History

Image credit: Gary Nored


CCW’s Roots:

Communities for Clean Water (CCW) was formally organized in 2006 after several community organizations joined forces to address water contamination at LANL. As of January 2015 CCW Council members include Amigos Bravos, Concerned Citizens for Nuclear Safety (CCNS), Honor Our Pueblo Existence (HOPE), the New Mexico Acequia Association, Partnership for Earth Spirituality and Tewa Women United. CCW brings together these separate organizations in order to have a collective and powerful impact on protecting and restoring water quality downstream and downwind from Los Alamos National Laboratory (LANL).

While many of these organizations had worked independently and together on water contamination issues prior to 2006, (see CCW’s Roots, below) the need to strengthen this work became very clear after the catastrophic 47,000-acre Cerro Grande fire that burned on and around Los Alamos National Laboratory (LANL) site in 2000, increasing the release of toxic materials from the site into the Río Grande watershed. The Las Conchas Fire of 2011, which burned 156,000 acres adjacent to LANL, further increased urgency and concern about stormwater runoff and the release of water contaminants into the Rio Grande watershed.

Following the Cerro Grande Fire in 2000, CCNS organized a one-day conference attended by over 450 people called, “Fire, Water and the Aftermath: The Cerro Grande Fire and its Effect on the Rio Grande/Rio Bravo Watershed.” Soon afterward, the Rio Grande Watershed Initiative (RGWI) was created to investigate, through independent technical means, the effects that LANL operations were having on the water quality of the Rio Grande.

In the next few years, evidence began building that toxic contaminants from LANL were escaping from the Laboratory’s boundaries.
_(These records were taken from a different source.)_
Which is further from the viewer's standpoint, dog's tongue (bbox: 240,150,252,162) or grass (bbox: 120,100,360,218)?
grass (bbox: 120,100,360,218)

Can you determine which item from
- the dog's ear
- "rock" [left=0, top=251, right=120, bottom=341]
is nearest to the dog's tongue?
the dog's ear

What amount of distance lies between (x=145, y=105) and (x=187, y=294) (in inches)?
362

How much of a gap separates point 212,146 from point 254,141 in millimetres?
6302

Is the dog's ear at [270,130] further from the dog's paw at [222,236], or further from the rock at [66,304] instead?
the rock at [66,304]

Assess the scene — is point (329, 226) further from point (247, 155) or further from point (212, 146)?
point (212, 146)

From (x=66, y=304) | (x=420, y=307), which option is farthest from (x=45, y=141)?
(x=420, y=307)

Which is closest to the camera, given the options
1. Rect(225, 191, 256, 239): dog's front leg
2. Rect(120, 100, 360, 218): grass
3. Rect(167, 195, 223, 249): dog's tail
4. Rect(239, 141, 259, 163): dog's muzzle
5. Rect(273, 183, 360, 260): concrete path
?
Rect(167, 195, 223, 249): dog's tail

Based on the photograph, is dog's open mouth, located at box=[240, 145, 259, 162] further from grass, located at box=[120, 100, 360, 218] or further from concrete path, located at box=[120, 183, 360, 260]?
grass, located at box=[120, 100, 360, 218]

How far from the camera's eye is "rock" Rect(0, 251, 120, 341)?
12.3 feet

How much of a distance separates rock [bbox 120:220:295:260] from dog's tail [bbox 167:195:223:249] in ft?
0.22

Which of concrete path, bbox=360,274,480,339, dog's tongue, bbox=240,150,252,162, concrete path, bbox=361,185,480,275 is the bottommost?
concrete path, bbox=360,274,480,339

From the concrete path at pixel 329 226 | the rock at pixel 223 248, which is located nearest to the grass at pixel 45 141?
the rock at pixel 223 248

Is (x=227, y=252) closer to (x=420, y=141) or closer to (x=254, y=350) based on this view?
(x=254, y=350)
In October 2002 CCNS discovered a new Rio Grande spring that the New Mexico Environment Department (NMED) subsequently found that was contaminated with uranium, nitrate, gross alpha radiation and radioactive tritium at the same levels as a LANL test well located about four miles to the northwest, indicating a groundwater connection between the two.

Also in 2002, CCNS released Early Warning: A Radioactive Rio Grande, a report by technical collaborators, The Radio Activist Campaign (TRAC). Based on the samples collected by TRAC, low levels of radioactive cesium-137 were found in a spring that feeds the Rio Grande. The finding prompted the NMED to develop a new experimental method for sampling very low levels of cesium in surface water.

Two years later, an investigative report by technical expert George Rice entitled, “New Mexico’s Right to Know: The Potential for Groundwater Contaminants from LANL to Reach the Rio Grande” clearly confirmed that it is possible for groundwater to have transported contaminants from LANL to the Rio Grande during the 61 years that LANL had existed, and that contaminants from LANL had reached the Rio Grande. Rice also found that such transport could occur from surface water to groundwater in a decade or less.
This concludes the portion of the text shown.